Dr. Perlo half bei der Beaufsichtigung der Entwicklung
richtungsweisender Elektrofahrzeugtechnologie im Rahmen des Projekts
"Integrated enabling technologies for efficient electrical personal
mobility" (P-MOB), das mit Finanzmitteln in Höhe von nahezu 2,8 Mio. EUR
von der Europäischen Kommission unterstützt wurde. Forscher aus sechs
Unternehmen (Siemens aus Deutschland, Mazel aus Spanien, IFEVS,
Polimodel und Fiat aus Italien sowie Magnomatics aus dem Vereinigten
Königreich) und die Universität Sheffield im Vereinigten Königreich
waren an dem Projekt beteiligt, im Rahmen dessen ein neues
Prototyp-Elektroauto mit einer Reichweite von 20 km wurde, das
ausschließlich mit Solarenergie betrieben wird.
Das von Centro Ricerche Fiat in Turin, Italien, koordinierte
P-MOB-Team wollte die wachsende Transportkapazität von der steigenden
Anzahl der Verkehrstoten, der zunehmenden Verkehrs- und Umweltbelastung
abzukoppeln, indem es den Prototypen eines Elektrofahrzeugs entwickelt,
das nicht nur sauber, sondern auch extrem sicher und kompakt ist.
Hierbei verfolgten die Forscher ein völlig neues Konzept für die
Integration modernster Systeme, indem sie sich u. a. auf Solarzellen,
Elektromotor und magnetische Drehmomentregelung, Leistungs- und
Energiemanagement, verteilte Akkus und Technologien, mit der
Elektrofahrzeuge wieder Strom in Netz einspeisen, wenn sie nicht benutzt
werden, konzentrierten.
"Diese Konstruktion zeichnet sich durch die höchste
Sicherheitseinstufung, einen geringen Platzbedarf und einen extrem
niedrigen Energieverbrauch aus, weshalb das Fahrzeug optimal für Leute
in der Stadt und in den Vororten geeignet ist", erklärt Dr. Perlo.

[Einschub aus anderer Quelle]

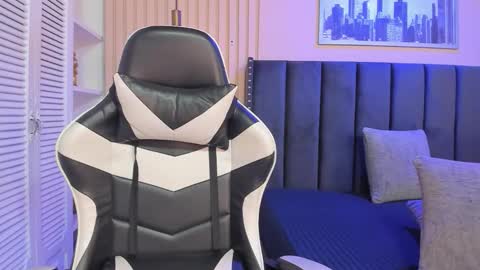 ashlye_miller_ online show from 12, 2, 2026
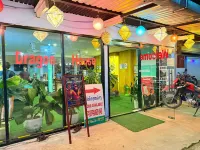 Golden Dragon House Vang Vieng Hotels in 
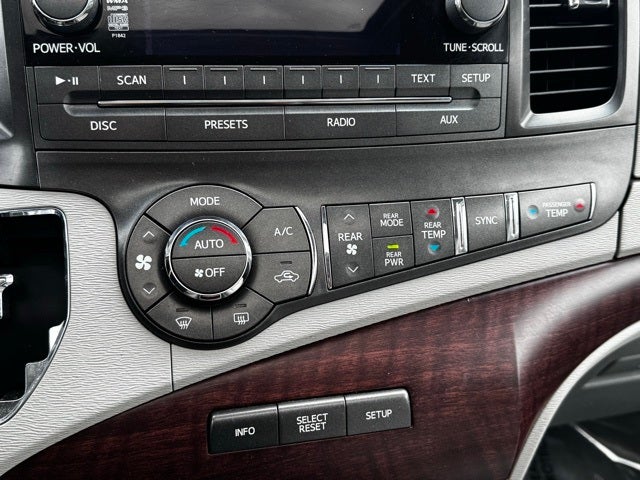 2013 Toyota Sienna XLE 7 Passenger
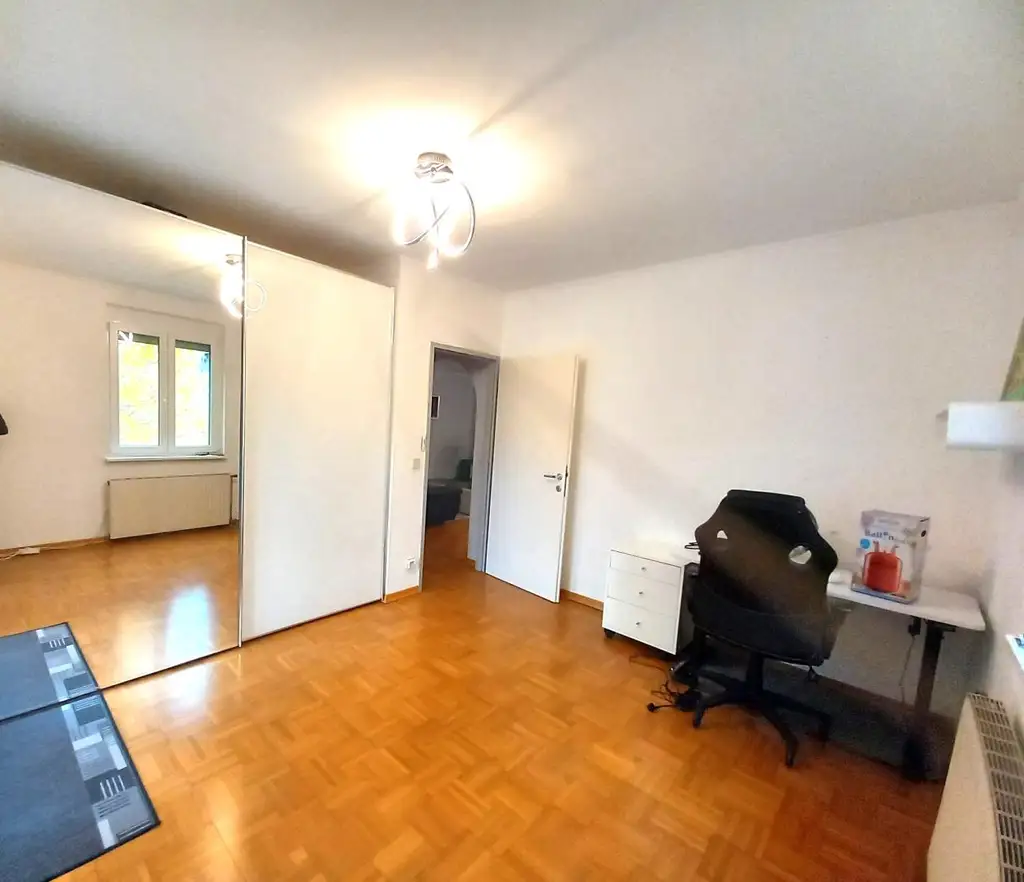 3 ZIMMER WOHNUNG MIT GARTENANTEIL IN ZENTRUMSNÄHE VON PURKERSDORF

Bei dem Prototypen handelt es sich um ein kleines kompaktes Fahrzeug
- mit einem Gewicht unter 600 kg ohne Akku und mit einer
Höchstgeschwindigkeit von über 100 km/h - das den neuesten Vorschriften
für "Mikro"-Elektrofahrzeuge entspricht. Außerdem kann es die
klassischen Auflagen für Fahrzeugkategorien, wie beispielsweise M1 (ein
Fahrzeug mit höchstens acht Fahrgastsitzen) erfüllen.
Aerodynamisch, sicher und solargetrieben
Ein Parallelprojekt mit dem Titel "Building blocks concepts for
efficient and safe multiuse urban electrical vehicles" (WIDE-MOB), an
dem die Partner von P-MOB ebenfalls beteiligt waren, befasst sich mit
der Konstruktion und Entwicklung grundlegender Bausteine für
Elektrofahrzeuge. Das WIDE-MOB-Team arbeitete an einer optimierten
Aerodynamik, um den Luftwiderstand bei jeder Geschwindigkeit zu
verringern, und an leichten und kostengünstigen Karosserien, die auf
höchste Sicherheit bei einem Frontal- oder Seitencrash ausgelegt sind,
sowie an einer Vielzahl von Technologien für verteilten Antrieb.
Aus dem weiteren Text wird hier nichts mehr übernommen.